His gaze scanned her face, dipping to her lips. She had an insane urge to fish around for some Chapstick. Why was he looking at her lips?

“I don’t think you want me to answer that,” he said.

Evie’s brows popped up. “Why not?”

He lifted his other hand and ran his thumb along her cheek, then tucked some of her blowing hair behind her ear. Did he realize that his touch was giving her all kinds of thoughts? He didn’t drop his hand, but rested it on her shoulder. So now her heart was pounding, and her legs turning to water.

“I’ll answer your question if you answer mine.”

“Okay,” she said, her voice a mere breath.

“Why haven’t you ever been kissed?”

Evie blinked, then blinked again. His body wasn’t pressed against hers, but she could feel the warmth of his body all the same. “It’s not that guys haven’t tried to kiss me, but we’ve always been interrupted, and then everything fizzled. Every time. Bad luck, I guess.”

That crease between his brows appeared again. “Interrupted, how?”

He really wanted to know this? When she was about to melt on the spot?

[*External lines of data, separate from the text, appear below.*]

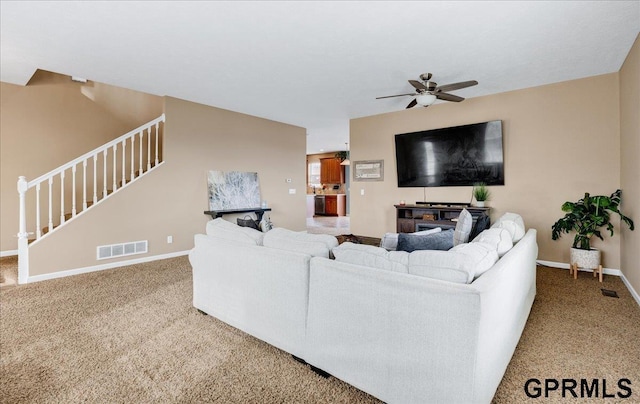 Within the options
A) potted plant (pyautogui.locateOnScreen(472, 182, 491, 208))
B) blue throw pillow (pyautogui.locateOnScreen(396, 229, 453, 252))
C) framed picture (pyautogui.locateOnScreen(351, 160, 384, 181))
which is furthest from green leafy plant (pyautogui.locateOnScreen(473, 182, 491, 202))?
blue throw pillow (pyautogui.locateOnScreen(396, 229, 453, 252))

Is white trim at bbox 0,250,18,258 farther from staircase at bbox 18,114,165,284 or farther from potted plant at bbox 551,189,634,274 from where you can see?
potted plant at bbox 551,189,634,274

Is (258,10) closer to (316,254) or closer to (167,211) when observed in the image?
(316,254)

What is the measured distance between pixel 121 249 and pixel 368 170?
14.9 feet

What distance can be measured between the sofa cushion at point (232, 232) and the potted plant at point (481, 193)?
12.9 feet

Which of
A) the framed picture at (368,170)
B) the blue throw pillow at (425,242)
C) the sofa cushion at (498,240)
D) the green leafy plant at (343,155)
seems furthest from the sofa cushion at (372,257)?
the green leafy plant at (343,155)

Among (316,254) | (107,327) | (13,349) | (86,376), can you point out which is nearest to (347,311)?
(316,254)

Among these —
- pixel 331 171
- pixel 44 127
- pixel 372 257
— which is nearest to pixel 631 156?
pixel 372 257

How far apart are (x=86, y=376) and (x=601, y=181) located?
5.70 meters

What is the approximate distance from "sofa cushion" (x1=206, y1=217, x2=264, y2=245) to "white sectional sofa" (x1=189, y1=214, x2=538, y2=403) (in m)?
0.04

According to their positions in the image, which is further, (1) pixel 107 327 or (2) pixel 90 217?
(2) pixel 90 217

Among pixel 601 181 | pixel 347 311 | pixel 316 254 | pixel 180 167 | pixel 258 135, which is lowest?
pixel 347 311

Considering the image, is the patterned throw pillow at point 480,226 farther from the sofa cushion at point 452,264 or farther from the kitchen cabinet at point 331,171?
the kitchen cabinet at point 331,171

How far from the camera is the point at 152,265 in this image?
14.4ft

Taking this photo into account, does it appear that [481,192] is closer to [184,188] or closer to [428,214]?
[428,214] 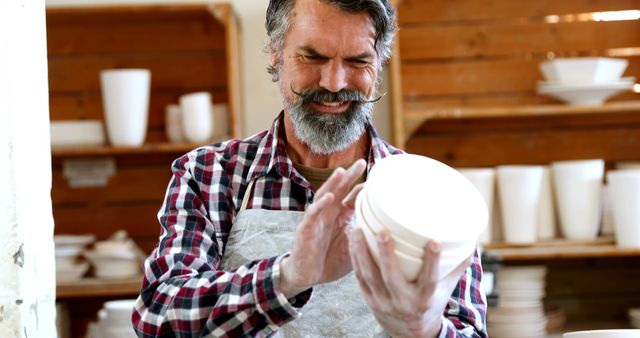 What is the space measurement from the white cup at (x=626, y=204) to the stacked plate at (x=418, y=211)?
1.72 meters

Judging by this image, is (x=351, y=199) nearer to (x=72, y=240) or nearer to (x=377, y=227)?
(x=377, y=227)

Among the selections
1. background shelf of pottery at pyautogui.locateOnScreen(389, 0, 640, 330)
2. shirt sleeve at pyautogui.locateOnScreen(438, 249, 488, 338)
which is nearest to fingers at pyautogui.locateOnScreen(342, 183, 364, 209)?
shirt sleeve at pyautogui.locateOnScreen(438, 249, 488, 338)

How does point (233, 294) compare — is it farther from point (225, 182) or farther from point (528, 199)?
point (528, 199)

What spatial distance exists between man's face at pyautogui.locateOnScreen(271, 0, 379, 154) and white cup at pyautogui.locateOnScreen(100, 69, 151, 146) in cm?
150

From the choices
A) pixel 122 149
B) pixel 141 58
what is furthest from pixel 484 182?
pixel 141 58

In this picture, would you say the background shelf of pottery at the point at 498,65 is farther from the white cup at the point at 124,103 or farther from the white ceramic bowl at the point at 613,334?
the white ceramic bowl at the point at 613,334

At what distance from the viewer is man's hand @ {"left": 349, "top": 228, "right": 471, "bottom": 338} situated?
3.97ft

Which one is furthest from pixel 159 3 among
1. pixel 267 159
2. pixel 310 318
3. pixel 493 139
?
pixel 310 318

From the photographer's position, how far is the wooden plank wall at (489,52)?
11.0 feet

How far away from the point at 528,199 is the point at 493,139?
1.29 ft

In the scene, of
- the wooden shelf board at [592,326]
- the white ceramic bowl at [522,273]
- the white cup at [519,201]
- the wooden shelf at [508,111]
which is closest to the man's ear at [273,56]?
the wooden shelf at [508,111]

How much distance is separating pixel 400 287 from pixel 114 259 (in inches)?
80.3

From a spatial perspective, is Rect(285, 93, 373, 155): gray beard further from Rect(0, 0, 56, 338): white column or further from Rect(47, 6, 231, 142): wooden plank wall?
Rect(47, 6, 231, 142): wooden plank wall

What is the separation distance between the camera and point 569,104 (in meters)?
3.16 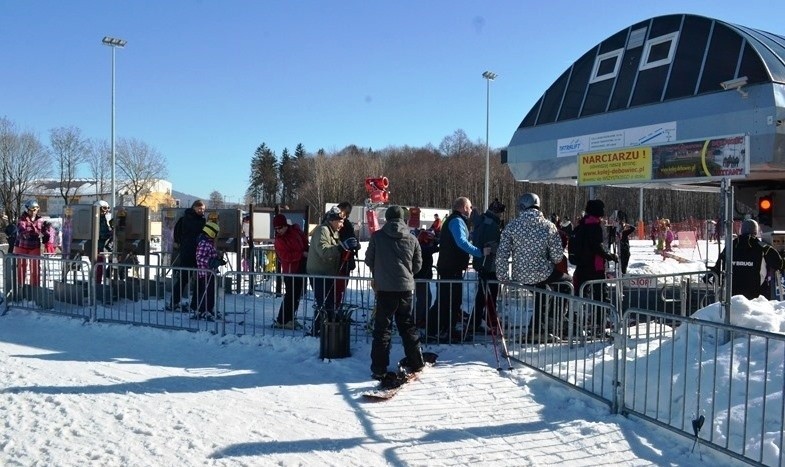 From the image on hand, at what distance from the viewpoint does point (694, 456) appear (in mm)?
4582

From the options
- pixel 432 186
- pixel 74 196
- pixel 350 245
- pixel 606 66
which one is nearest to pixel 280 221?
pixel 350 245

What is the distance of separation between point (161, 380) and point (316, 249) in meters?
2.57

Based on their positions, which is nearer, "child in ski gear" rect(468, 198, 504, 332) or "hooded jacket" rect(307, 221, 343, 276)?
Result: "child in ski gear" rect(468, 198, 504, 332)

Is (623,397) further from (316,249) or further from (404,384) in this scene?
(316,249)

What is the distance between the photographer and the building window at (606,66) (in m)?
12.0

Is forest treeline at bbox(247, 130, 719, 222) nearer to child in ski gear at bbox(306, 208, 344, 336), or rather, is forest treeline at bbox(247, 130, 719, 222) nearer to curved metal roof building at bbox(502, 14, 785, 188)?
curved metal roof building at bbox(502, 14, 785, 188)

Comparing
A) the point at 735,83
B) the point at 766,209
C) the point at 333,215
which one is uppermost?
the point at 735,83

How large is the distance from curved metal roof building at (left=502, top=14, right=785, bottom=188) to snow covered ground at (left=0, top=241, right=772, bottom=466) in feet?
10.6

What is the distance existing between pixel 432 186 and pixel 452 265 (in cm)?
8133

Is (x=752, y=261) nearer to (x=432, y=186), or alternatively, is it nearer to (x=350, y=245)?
(x=350, y=245)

“Um, my only date in high school was sort of a disaster from the start,” she said. “I mean, we had fun as a group for senior prom. When Aaron dropped me off at my house, he walked me to the door. I knew he liked me, and I liked him, but my brothers had been cornering him all week at school and lecturing him. I could tell he was getting his courage up, and he grabbed my hands in his super sweaty ones. Just as he leaned in, my brothers opened the front door. Aaron jumped about a mile high and ran back to his truck. He never spoke to or even looked at me again.”

Carson was smiling.

“It’s not funny,” Evie said, slapping his chest.

He caught her hand against his chest. “It’s a little bit funny.”

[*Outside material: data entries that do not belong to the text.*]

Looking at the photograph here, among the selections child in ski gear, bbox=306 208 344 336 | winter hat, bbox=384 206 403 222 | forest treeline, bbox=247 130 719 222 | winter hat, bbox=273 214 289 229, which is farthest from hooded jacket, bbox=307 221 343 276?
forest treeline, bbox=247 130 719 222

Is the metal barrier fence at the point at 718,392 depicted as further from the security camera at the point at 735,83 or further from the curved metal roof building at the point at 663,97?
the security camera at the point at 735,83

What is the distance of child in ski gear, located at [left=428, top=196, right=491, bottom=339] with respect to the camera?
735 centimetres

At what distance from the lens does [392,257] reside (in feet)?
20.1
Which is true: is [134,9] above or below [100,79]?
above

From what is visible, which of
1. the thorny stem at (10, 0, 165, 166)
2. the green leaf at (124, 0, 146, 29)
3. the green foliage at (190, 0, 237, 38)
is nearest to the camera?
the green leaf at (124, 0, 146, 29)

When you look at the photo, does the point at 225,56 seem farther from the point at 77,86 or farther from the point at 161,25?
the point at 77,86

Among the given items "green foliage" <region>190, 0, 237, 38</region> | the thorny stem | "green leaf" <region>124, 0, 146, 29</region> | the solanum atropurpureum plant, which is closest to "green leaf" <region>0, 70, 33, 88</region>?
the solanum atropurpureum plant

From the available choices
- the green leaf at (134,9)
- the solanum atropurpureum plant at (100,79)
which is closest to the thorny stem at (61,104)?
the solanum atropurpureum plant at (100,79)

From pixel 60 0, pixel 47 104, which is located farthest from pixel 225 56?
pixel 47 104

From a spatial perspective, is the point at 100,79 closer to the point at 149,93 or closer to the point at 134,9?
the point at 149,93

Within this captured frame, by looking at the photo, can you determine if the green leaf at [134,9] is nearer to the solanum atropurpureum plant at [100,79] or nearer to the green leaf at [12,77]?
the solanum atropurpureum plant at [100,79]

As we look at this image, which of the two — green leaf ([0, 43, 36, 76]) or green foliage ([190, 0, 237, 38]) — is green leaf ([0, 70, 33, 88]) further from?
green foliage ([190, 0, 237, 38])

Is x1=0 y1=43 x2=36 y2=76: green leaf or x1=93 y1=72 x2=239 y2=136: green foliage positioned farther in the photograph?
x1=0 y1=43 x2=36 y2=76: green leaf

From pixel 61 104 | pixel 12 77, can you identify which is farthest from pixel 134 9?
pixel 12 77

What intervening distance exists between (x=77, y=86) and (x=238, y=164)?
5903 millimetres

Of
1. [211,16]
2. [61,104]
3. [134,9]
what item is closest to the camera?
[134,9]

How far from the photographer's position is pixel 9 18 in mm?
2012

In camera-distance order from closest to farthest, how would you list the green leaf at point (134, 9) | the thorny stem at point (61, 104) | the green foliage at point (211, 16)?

Evie made a face. “That’s because it didn’t happen to you.”

“What about your next almost-kiss?”

He was still holding her hand against his chest, and she could feel the warmth of his skin coming through his shirt. “My freshman year in college, I went out with a guy in my math class. He was geeky, but in a cute way.”

Carson’s fingers wrapped around her hand, securing her even closer.

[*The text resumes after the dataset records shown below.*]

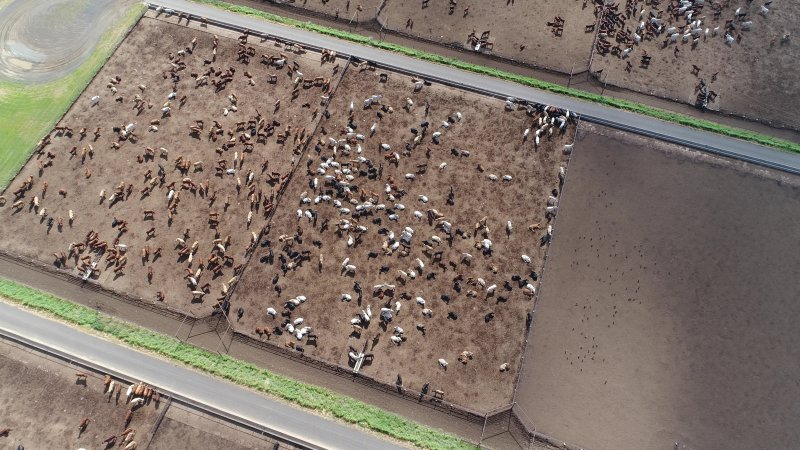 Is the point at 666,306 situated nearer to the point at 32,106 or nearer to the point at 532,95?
the point at 532,95

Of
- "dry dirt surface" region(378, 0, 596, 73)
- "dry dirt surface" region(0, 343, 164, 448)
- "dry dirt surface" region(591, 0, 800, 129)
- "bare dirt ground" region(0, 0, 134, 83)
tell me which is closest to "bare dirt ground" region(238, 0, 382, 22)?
"dry dirt surface" region(378, 0, 596, 73)

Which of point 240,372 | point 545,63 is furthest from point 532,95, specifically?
point 240,372

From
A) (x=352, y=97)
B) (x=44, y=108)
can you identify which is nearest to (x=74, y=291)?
(x=44, y=108)

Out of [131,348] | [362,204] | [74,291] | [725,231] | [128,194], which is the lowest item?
[131,348]

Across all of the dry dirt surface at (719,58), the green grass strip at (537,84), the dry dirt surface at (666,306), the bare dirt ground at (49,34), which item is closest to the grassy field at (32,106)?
the bare dirt ground at (49,34)

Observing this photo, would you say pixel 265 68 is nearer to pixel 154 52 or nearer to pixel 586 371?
pixel 154 52

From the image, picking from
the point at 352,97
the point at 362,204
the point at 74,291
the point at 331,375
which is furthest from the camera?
the point at 352,97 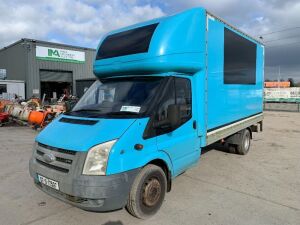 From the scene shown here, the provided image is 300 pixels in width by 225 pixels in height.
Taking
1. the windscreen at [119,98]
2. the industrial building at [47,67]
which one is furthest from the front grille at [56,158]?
the industrial building at [47,67]

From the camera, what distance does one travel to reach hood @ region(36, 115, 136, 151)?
3457mm

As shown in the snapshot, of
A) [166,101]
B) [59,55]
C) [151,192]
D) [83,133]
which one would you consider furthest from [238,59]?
[59,55]

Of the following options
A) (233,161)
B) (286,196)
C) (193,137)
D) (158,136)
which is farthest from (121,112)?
(233,161)

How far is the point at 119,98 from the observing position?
14.1 feet

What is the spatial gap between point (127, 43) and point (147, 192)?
2.61m

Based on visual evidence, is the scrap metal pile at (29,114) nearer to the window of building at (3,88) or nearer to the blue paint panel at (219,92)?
the blue paint panel at (219,92)

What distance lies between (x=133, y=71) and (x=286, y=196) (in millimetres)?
3586

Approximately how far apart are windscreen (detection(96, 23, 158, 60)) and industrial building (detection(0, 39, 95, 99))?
20.8 m

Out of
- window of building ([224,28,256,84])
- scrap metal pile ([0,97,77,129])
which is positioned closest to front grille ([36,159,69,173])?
window of building ([224,28,256,84])

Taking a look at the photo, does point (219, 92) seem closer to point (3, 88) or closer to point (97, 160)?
point (97, 160)

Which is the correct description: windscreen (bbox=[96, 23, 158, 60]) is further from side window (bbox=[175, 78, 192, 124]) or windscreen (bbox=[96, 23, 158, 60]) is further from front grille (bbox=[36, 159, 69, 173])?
front grille (bbox=[36, 159, 69, 173])

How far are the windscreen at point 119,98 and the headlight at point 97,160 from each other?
68 cm

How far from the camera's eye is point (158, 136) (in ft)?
13.2

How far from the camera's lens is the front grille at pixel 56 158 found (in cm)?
349
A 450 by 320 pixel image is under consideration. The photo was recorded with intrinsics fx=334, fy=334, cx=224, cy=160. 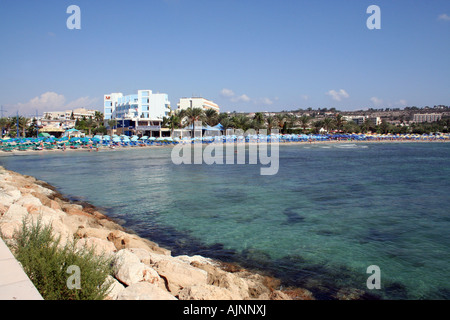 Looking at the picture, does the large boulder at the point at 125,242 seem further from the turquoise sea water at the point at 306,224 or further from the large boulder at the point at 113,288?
the large boulder at the point at 113,288

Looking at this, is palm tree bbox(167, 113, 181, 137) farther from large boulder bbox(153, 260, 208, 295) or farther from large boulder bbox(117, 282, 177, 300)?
large boulder bbox(117, 282, 177, 300)

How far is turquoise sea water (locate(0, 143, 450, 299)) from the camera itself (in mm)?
7422

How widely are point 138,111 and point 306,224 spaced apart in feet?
241

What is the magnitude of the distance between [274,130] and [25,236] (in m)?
88.6

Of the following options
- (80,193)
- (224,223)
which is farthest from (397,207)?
(80,193)

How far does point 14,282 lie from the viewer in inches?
144

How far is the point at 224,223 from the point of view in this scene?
1123 cm

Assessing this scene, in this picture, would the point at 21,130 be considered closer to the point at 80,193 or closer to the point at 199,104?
the point at 199,104

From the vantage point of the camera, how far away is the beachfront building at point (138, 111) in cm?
7469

“He tried to kiss me in his car, but someone literally ran into us,” she said. “It was just a fender bender, but that kind of ruined the moment, and he never asked me out again.”

Now, Carson was grinning.

“I see that I’m your night’s entertainment,” she said.

“You are,” he said. “Who was your next victim?”

She tried to slap his chest again, but he held her hand firmly.

“Seth and I were on our second date,” she said. “We’d gotten ice cream cones and were walking across campus. He stopped me near a tree, and just before he kissed me, the sky crackled with lightning. Then the rain came, pouring like we were in a tropical storm. We ran for cover, but all he could talk about was that he’d dropped his cell phone somewhere. So we spent the next twenty minutes searching for it in the rain and mud.”

Carson chuckled. “Let me guess, he didn’t call you.”

“Nope,” she said. Carson was so close that she could practically hear his heartbeat. Could he hear hers thumping away?

“Well, the way I see it, sweetness, is that your brothers are nowhere in sight,” Carson drawled. “And we’re not sitting in a car. And it’s overcast, but no pending storm.”

“The way you see it?” she asked. “What are you talking about?”

“I think I need to help you break your no-kissing streak.” He moved his hand to cradle her face.

“Oh, really?” she whispered, her pulse racing like a mad horse.